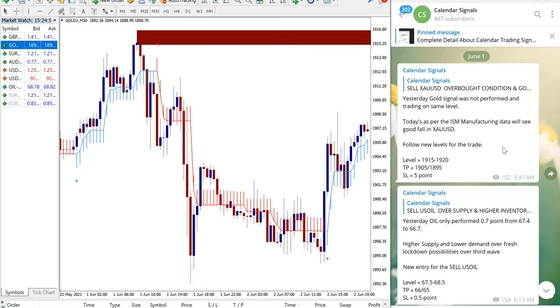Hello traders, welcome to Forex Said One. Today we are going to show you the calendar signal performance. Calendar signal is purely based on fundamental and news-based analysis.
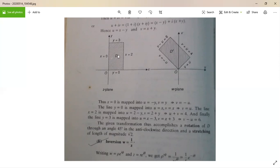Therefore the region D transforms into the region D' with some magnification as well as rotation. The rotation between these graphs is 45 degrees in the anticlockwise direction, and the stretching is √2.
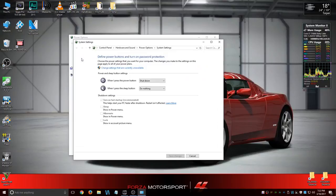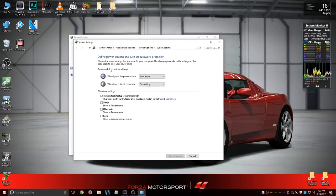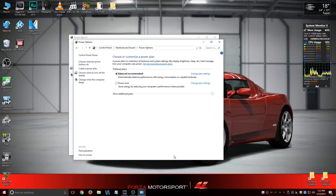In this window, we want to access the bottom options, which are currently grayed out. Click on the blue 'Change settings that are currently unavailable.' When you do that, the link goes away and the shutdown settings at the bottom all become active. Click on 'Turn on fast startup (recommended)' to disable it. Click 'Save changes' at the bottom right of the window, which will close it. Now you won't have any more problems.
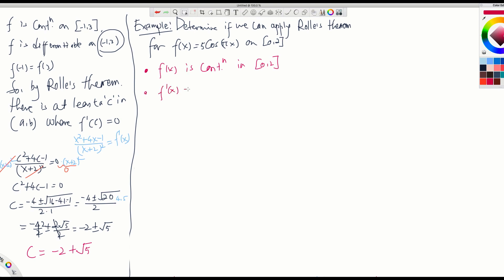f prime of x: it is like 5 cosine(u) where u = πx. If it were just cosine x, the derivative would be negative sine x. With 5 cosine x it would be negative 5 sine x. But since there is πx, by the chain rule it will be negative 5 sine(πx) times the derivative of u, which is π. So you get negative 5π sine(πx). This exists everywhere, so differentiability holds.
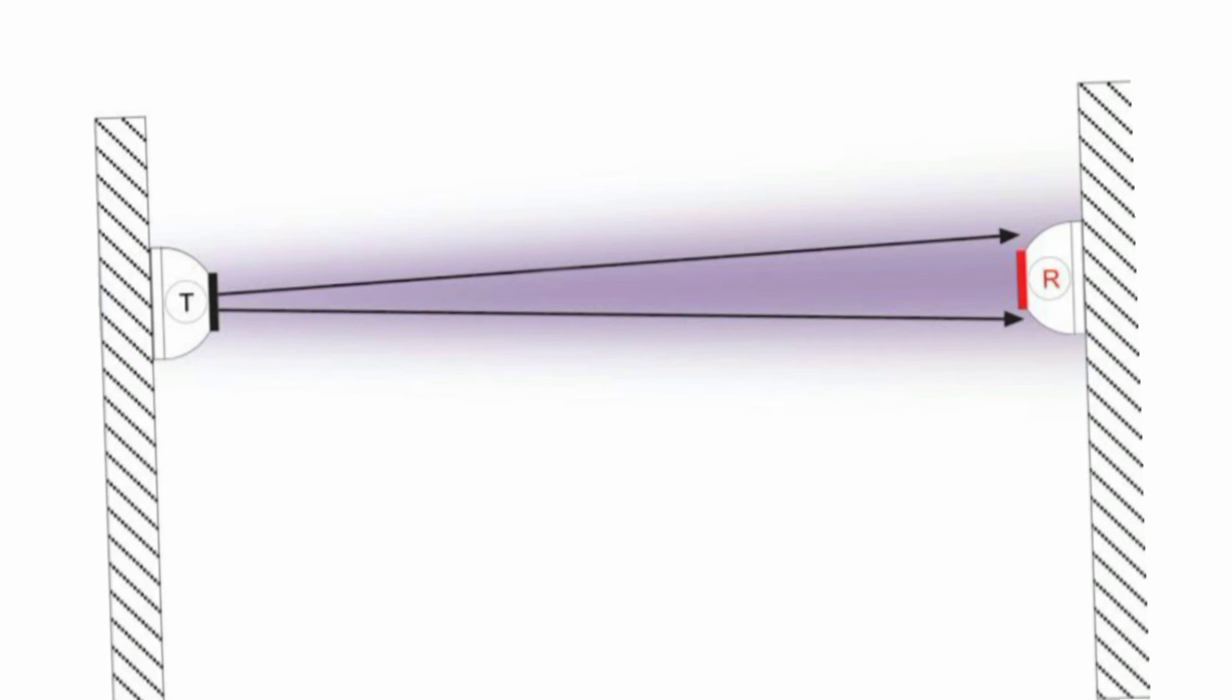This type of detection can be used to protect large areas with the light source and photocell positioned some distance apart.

——

■ PROBLEM REQUIREMENTS
Leaving the pictures out, set down exactly the lines from the one with "In this window, we" through the end of the records.

■ ANSWER SPACE
In this window, we want to access the bottom options, which are currently grayed out. Click on the blue 'Change settings that are currently unavailable.' When you do that, the link goes away and the shutdown settings at the bottom all become active. Click on 'Turn on fast startup (recommended)' to disable it. Click 'Save changes' at the bottom right of the window, which will close it. Now you won't have any more problems.
f prime of x: it is like 5 cosine(u) where u = πx. If it were just cosine x, the derivative would be negative sine x. With 5 cosine x it would be negative 5 sine x. But since there is πx, by the chain rule it will be negative 5 sine(πx) times the derivative of u, which is π. So you get negative 5π sine(πx). This exists everywhere, so differentiability holds.
This type of detection can be used to protect large areas with the light source and photocell positioned some distance apart.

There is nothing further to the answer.